◆ DESCRIPTION OF THE TASK
Return the data below unchanged, without images.

◆ DATA
-.-.-

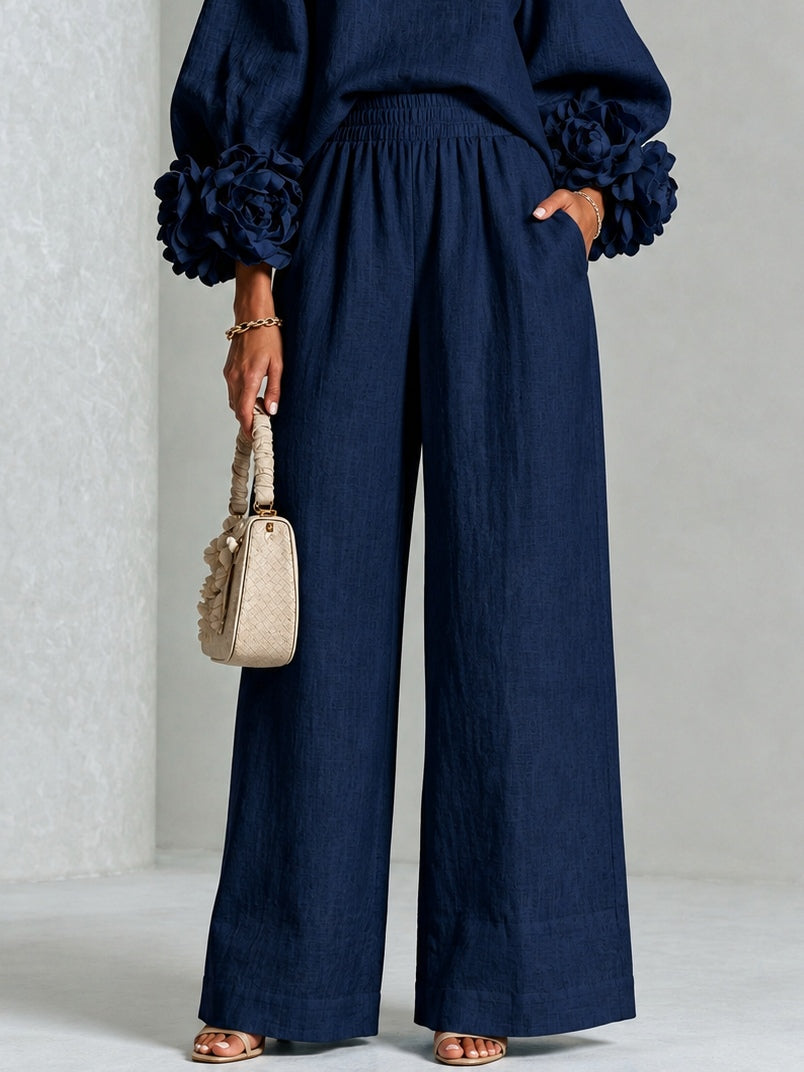 María | Top azul marino con llamativos puños florales, combinado con un traje de pantalón de corte ancho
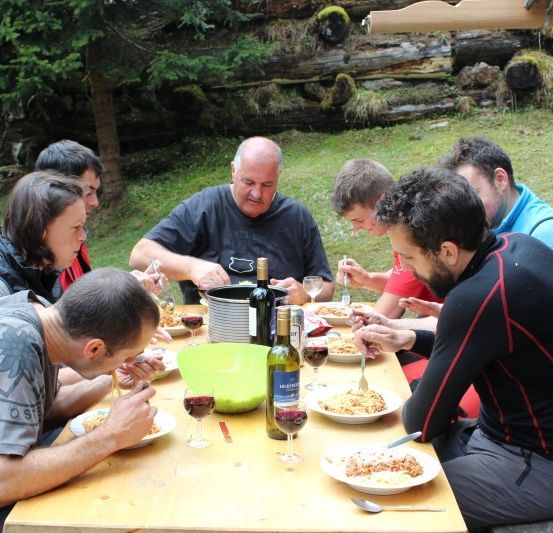 Eine Gruppe von Menschen sitzt um einen Tisch herum und isst und trinkt. Sie befinden sich in einer Außenumgebung mit Bäumen und einer Holzstruktur im Hintergrund.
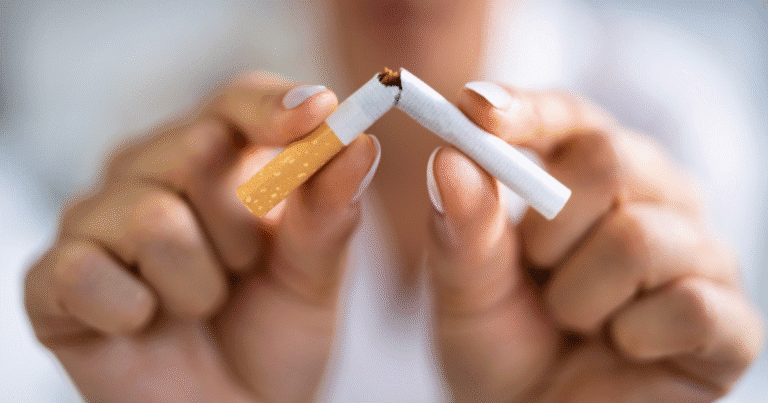 A person breaking a cigarette in half to stop smoking and reduce their vascular risk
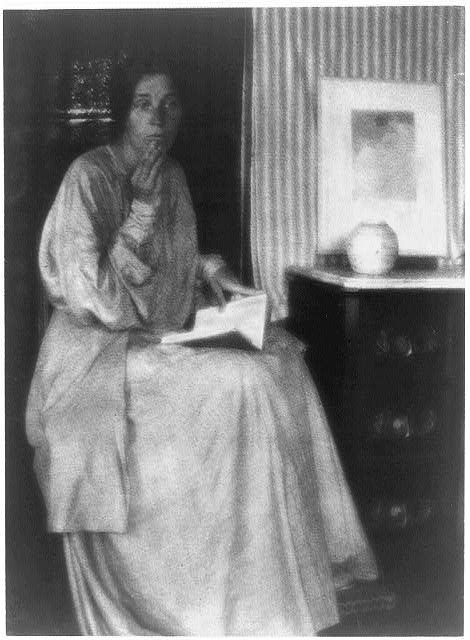 [Woman (Beatrice Baxter Ruyl), in dress with open book in...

-.-.-

◆ OUTPUT BELOW
 María | Top azul marino con llamativos puños florales, combinado con un traje de pantalón de corte ancho
 Eine Gruppe von Menschen sitzt um einen Tisch herum und isst und trinkt. Sie befinden sich in einer Außenumgebung mit Bäumen und einer Holzstruktur im Hintergrund.
 A person breaking a cigarette in half to stop smoking and reduce their vascular risk
 [Woman (Beatrice Baxter Ruyl), in dress with open book in...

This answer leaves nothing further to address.